Character classes and anchors affect regex performance. Specific character ranges like [0-9] perform better than broad classes like \w. Anchoring patterns to string boundaries with \A and \z prevents unnecessary backtracking when matches cannot exist.

# Slower - allows backtracking through entire string
/email: .+@.+\..+/

# Faster - anchored pattern with specific character classes
/\Aemail: [a-zA-Z0-9._%+-]+@[a-zA-Z0-9.-]+\.[a-zA-Z]{2,}\z/

Common Pitfalls

Case sensitivity in string matching catches many developers unexpectedly. String methods like #include? and #index perform exact character matching, while regular expressions require explicit case-insensitive flags.

text = "Ruby Programming Language"

# Case-sensitive matching fails
text.include?("ruby")          # => false
text.match(/ruby/)             # => nil

# Solutions
text.downcase.include?("ruby") # => true
text.match(/ruby/i)            # => #<MatchData "Ruby">

Regular expression escaping becomes problematic when dynamically constructing patterns from user input. Special regex characters like ., *, +, ?, [, ], {, }, (, ), ^, $, |, \ require escaping to match literally.

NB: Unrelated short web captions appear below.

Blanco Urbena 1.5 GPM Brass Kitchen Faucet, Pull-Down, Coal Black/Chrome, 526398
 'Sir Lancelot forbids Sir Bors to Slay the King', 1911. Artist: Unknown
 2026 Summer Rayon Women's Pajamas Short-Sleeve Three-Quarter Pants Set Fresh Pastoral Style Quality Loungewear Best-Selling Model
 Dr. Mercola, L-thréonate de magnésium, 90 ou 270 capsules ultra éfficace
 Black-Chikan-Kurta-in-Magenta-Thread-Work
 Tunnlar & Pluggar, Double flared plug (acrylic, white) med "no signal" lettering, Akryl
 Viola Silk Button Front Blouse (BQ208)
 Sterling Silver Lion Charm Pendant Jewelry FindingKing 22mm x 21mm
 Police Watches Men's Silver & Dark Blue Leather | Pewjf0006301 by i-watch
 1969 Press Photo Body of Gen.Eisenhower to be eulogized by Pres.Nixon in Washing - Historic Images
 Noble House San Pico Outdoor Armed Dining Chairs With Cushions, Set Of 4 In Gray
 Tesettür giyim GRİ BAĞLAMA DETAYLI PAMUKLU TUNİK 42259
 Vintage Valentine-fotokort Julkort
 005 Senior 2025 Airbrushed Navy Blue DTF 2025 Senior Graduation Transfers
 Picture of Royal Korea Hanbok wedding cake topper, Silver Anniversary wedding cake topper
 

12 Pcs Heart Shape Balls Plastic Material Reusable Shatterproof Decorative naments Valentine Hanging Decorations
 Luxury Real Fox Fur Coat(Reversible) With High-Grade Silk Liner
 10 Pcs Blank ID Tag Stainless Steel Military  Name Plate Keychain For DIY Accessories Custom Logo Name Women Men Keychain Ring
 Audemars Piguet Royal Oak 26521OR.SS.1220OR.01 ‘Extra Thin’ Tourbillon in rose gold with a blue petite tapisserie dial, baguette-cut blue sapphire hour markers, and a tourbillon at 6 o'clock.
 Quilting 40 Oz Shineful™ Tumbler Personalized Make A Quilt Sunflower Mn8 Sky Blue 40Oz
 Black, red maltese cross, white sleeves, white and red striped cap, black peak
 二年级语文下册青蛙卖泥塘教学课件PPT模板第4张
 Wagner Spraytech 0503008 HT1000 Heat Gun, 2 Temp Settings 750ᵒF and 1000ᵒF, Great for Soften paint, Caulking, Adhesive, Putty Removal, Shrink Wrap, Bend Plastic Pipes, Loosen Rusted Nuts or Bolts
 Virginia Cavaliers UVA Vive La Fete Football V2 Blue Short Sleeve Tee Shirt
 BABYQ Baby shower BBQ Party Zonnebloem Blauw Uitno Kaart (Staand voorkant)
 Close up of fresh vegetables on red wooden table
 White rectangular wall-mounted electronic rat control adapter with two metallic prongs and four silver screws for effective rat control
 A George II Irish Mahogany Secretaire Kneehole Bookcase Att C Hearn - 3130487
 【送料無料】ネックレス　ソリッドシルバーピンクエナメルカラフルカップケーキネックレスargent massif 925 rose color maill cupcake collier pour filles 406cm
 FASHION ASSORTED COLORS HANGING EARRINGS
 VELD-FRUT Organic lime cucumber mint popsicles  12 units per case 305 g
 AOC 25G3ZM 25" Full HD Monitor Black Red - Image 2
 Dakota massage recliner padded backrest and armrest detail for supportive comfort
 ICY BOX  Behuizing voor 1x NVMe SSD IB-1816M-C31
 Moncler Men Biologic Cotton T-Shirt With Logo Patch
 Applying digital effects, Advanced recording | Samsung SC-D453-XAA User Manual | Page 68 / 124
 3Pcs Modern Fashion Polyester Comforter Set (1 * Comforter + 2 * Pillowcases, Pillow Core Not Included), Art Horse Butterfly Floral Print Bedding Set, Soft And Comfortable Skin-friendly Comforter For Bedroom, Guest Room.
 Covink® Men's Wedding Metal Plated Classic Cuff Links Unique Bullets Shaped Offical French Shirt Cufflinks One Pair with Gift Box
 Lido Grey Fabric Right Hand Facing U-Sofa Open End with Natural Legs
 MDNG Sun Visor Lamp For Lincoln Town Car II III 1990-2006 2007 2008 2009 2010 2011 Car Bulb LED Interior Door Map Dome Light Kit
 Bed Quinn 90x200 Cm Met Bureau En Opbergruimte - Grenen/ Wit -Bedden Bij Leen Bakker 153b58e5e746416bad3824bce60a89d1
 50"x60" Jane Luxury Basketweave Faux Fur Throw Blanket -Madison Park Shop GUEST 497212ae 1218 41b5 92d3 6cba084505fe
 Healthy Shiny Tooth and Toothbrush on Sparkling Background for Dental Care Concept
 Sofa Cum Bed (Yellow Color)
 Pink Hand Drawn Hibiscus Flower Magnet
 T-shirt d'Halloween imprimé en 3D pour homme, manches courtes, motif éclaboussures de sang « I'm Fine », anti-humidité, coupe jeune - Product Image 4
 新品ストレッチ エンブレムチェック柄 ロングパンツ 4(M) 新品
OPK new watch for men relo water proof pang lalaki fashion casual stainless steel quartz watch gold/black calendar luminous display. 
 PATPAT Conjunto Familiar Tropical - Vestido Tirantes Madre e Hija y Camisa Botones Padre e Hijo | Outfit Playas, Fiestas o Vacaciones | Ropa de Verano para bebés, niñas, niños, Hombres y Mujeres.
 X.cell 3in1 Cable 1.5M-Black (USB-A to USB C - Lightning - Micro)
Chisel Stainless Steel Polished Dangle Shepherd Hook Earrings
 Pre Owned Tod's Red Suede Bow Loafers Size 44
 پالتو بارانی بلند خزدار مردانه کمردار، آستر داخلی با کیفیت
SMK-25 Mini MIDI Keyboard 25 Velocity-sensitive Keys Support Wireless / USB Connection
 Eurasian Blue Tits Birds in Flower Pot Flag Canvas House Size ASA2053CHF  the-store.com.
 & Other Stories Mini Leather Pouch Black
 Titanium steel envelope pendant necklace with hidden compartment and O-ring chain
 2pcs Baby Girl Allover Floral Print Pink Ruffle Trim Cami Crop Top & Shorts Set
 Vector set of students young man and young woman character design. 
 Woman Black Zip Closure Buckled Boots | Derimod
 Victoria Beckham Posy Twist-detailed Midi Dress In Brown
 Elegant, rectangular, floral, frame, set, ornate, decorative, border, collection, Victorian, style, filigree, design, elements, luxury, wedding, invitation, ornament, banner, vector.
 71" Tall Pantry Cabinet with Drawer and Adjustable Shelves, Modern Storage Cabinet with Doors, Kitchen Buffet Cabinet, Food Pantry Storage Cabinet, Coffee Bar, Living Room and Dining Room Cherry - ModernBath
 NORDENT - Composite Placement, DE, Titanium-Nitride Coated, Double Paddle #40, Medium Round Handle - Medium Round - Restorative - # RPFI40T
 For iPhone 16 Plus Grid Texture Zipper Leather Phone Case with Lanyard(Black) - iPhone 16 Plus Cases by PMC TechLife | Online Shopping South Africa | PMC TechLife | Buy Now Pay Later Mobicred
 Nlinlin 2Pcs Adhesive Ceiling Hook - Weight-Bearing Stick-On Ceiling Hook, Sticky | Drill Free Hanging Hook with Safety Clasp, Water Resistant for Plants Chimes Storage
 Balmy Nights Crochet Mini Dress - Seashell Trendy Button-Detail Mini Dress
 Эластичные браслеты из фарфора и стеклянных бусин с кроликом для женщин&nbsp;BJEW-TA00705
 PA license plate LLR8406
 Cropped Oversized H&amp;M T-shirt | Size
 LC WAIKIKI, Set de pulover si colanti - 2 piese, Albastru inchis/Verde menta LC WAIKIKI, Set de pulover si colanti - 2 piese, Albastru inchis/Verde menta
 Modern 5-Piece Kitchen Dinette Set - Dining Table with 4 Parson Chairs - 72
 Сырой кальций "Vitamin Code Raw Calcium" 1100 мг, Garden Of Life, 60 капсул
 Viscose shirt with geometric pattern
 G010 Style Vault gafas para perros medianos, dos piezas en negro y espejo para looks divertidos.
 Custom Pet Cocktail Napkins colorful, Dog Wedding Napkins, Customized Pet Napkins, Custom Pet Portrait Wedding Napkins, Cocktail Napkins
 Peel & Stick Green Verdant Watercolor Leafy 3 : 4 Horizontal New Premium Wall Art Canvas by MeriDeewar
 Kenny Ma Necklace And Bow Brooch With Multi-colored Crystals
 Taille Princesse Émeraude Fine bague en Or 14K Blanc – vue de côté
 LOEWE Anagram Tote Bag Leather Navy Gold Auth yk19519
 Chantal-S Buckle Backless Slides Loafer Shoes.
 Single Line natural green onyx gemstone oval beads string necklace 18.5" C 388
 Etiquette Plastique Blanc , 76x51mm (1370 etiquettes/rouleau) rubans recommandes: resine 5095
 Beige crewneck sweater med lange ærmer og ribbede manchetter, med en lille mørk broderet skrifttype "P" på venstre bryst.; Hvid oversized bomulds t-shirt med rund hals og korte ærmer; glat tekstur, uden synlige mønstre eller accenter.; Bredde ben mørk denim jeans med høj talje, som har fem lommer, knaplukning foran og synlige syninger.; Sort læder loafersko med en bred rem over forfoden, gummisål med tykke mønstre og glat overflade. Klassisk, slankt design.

user_input = "What costs $5.99?"

# Dangerous - treats . and $ as regex metacharacters
text.match(/#{user_input}/)

# Safe - escapes special characters
escaped = Regexp.escape(user_input)
text.match(/#{escaped}/)
# Matches literal "$5.99" instead of treating $ as end anchor

Global variable pollution occurs when multiple regex operations overwrite match information. The $1, $2, etc., variables update after each successful match, creating race conditions in concurrent code and unexpected behavior in complex parsing logic.

def parse_version(text)
  text.match(/v(\d+)\.(\d+)/)
  major = $1  # Potentially overwritten by nested call
  minor = $2
  [major, minor]
end

def parse_build(text)
  text.match(/build-(\d+)/)
  $1  # Overwrites global variables from parse_version
end

# Better approach - use MatchData directly
def parse_version(text)
  match = text.match(/v(\d+)\.(\d+)/)
  return nil unless match
  [match[1], match[2]]
end

Encoding mismatches cause unexpected behavior when searching strings with different character encodings. Ruby's string methods operate on byte sequences, not logical characters, leading to failed matches when encodings differ.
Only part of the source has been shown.